Friedensexport

Montag, 5. April 2010

Ereifert euch doch nicht! Waffen gehören verkauft. Was täte man denn sonst damit? Sie etwa in Arsenalen verrosten lassen, sie der Korrosion in den Schoß legen? Weapons makes the world go around - Waffen schaffen Arbeitsplätze und erzeugen Einsatzorte. Sie sind Entwicklungshelfer, weil sie den bis an die Zähne bewaffneten Industrienationen dabei helfen, sich zu entwickeln; dabei mithelfen, dass diese florieren und gedeihen - weil es Waffen gibt, prosperieren die reichen Länder. Bewaffnet einmarschieren, Maschinenpistolen auf schmale Hungerbrüstchen setzen und erpressen? Achwas! Das ist doch vulgär, so überhaupt nicht mehr zeitgerecht. Zwar rückt man auch heute bewaffnet vor, aber nicht erpressend, nicht beseelt von Rabaukentum.

Nein, so funktioniert das heute, in zivilisierter Epoche nicht mehr. Waffen zeichnen sich durch subtilen Einsatz aus. Und der lautet: der wahre Wert ist der Warenwert. Die Waffe in der Hand, sie ist zweifelsohne respektheischend - aber die Waffe in der Hand derer, an die man sie verkauft hat, das ist das effektive Potenzial langgezogener Läufe und geriffelter Abzüge. Herr, segne diese Waffe!, hieß es einstmals vor dem Gebrauch, vor dem Frontgang - Herr, segne diese Waffen!, heißt es heute im Plural; Herr, segne diese Waffen, die wir in Holzwolle hüllen, in Holzkisten stecken, auf ferne Wege - nicht Holzwege! - schicken. Segne diese Waffen, die man bald auf uns richten wird, wenn wir unser Land am anderen Ende der Welt verteidigen dürfen, wenn die auf uns gezielten Waffen uns einen Grund zur friedbringenden Intervention ermöglichen.
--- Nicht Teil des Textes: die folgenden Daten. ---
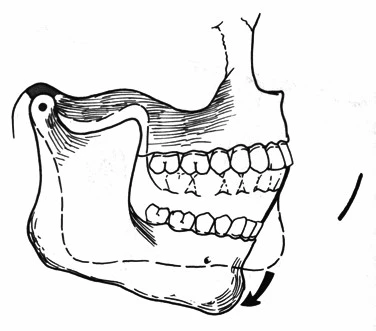 VẬN ĐỘNG BIÊN CỦA ĐIỂM RĂNG CỬA GHI TRÊN MẶT PHẲNG DỌC GIỮA(SƠ ĐỒ POSSELT) 2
Segne diese Waffen, die wir den Käufern aus den Fingern ballern müssen, um in humanitären Einsätzen, die Welt ein bisschen friedlicher zu machen.

Was wären wir ohne Waffen? Gäbe es Friedensmissionen, wenn wir unsere Waffen nicht lieferten? Was, wenn wir Waffen den Radikalen dieser Welt - den anderen Radikalen neben uns! - nicht zustellen würden? Nicht auszudenken! Dann würden wir nach Afghanistan einmarschieren, in den Irak stürmen und würden keine Gegenwehr erleben - jedem wäre dann sichtbar, dass es sich um bloße Okkupation, um geostrategische, niederste Instinkte handelte. Keiner würde an Friedensmissionen glauben, weil nach dem Angriffskrieg bereits Stille, sowas wie Frieden herrschte. Verdammt, wir müssen Waffen exportieren, damit der Frieden dort erzwungen, erbombt, erschossen werden kann. Friedensmissionen brauchen Waffen, damit sie sich nicht zur ungeschlachten, für jeden erkennbaren Besatzung wandeln. Erst wenn ein Widersacher bombt und knallt, kann der Frieden zum Motiv werden, kann man Friedensmissionen ins Leben rufen, die der Geschäftemacherei im besetzten Gebiet ein wenig Frieden sichern.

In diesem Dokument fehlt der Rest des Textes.